RECORDED DATA:
* * *
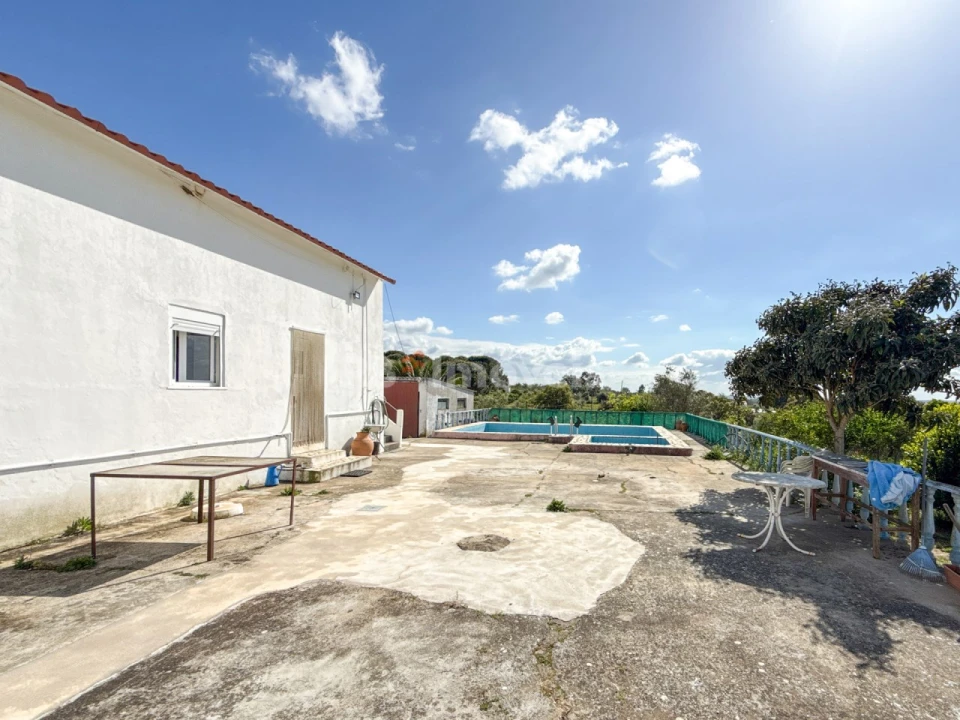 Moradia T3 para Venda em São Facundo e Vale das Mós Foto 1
* * *
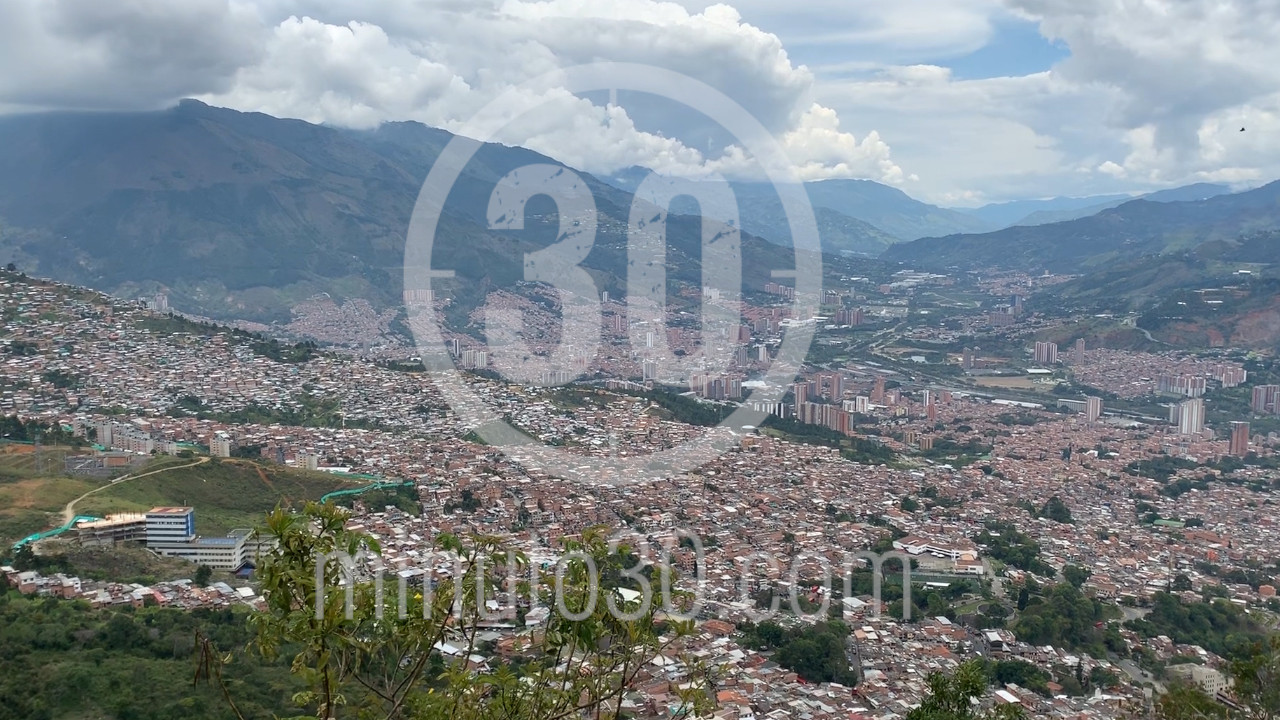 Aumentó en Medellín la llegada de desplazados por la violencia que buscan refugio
* * *
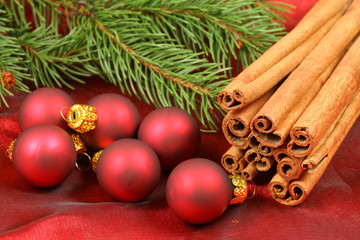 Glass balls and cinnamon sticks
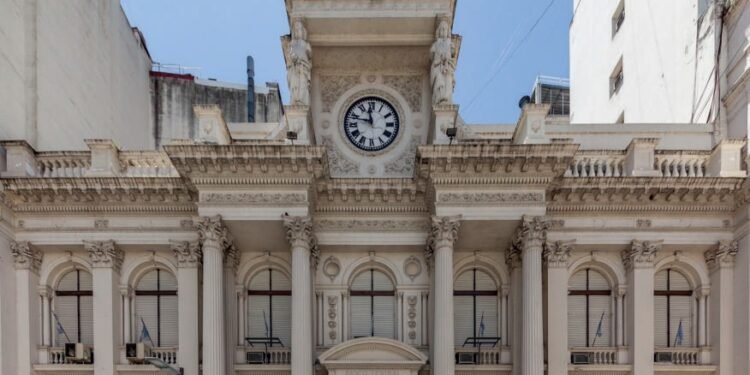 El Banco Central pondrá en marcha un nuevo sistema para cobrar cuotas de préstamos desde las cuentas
* * *
TASK REQUIREMENTS:
Repeat exactly the lines above, beginning at the one containing "Glass balls and cinnamon sticks" and ending at the one containing "El Banco Central". Do not carry over any pictures.

SOLUTION FOR THIS TASK:
 Glass balls and cinnamon sticks
 El Banco Central pondrá en marcha un nuevo sistema para cobrar cuotas de préstamos desde las cuentas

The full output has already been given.